Keenan Bailey

Current position
- Title: Co-offensive coordinator/Tight ends coach
- Team: Ohio State
- Conference: Big Ten

Coaching career (HC unless noted)
- 2014–2015: Notre Dame (Recruiting Analyst)
- 2016–2018: Ohio State (Offensive Intern)
- 2019–2021: Ohio State (OQC)
- 2022: Ohio State (OQC/Special Assistant to the Head Coach)
- 2023–2024: Ohio State (TE)
- 2025–present: Ohio State (co-OC/TE)

= Keenan Bailey =

American football coach

Keenan Bailey is an American football coach who is currently the co-offensive coordinator and tight ends coach for the Ohio State Buckeyes.

==Coaching career==
Bailey attended University of Notre Dame where he studied American studies and got his first coaching job as recruiting analyst for the Fighting Irish in 2014. In 2016, he joined the Ohio State Buckeyes as an offensive intern.
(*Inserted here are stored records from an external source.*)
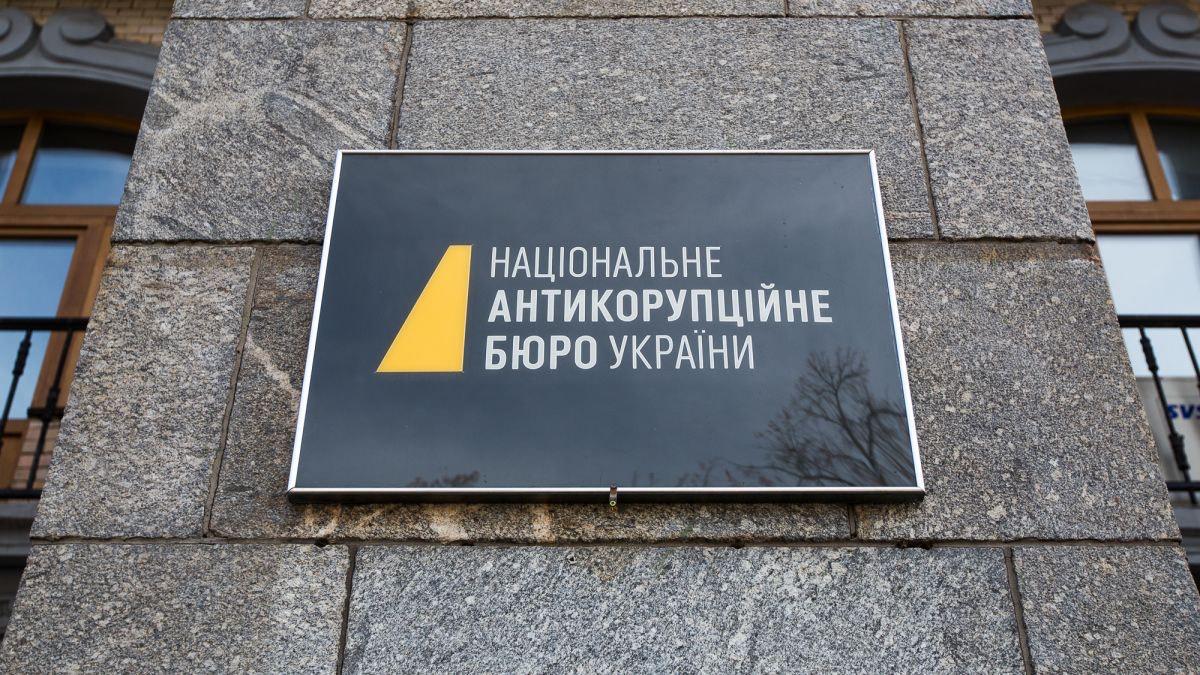 Парламентська ТСК візьметься за антикорупційні органи, - Власенко Парламентська ТСК візьметься за антикорупційні органи, - Власенко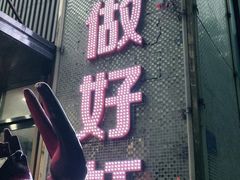 门面-仙品龙虾(总店)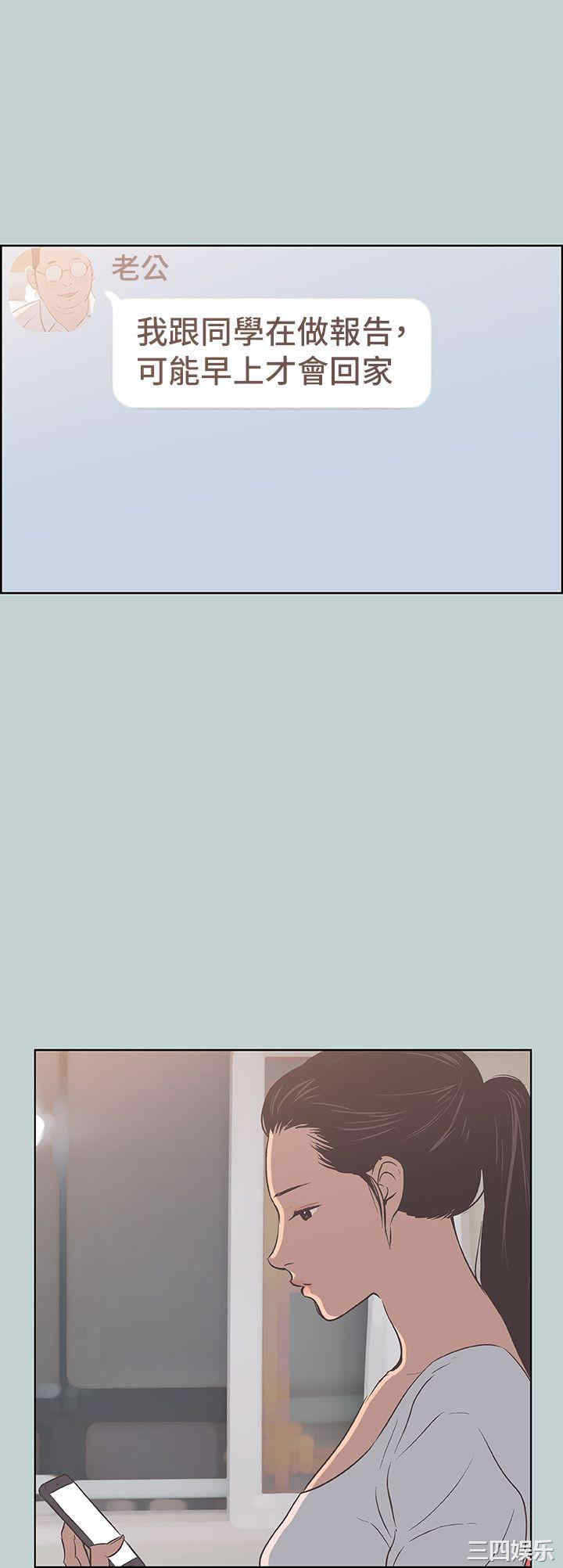 适合劈腿的好日子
In 2019, Bailey was promoted to serve as an offensive quality control coach for the Buckeyes. Ahead of the 2022 season, he added to his title as a special assistant to the head coach, while also working as a quality control coach. In 2023, Bailey got his first on-field coaching job, becoming the tight ends coach for Ohio State. After two seasons in the role, he became the Buckeyes co-offensive coordinator.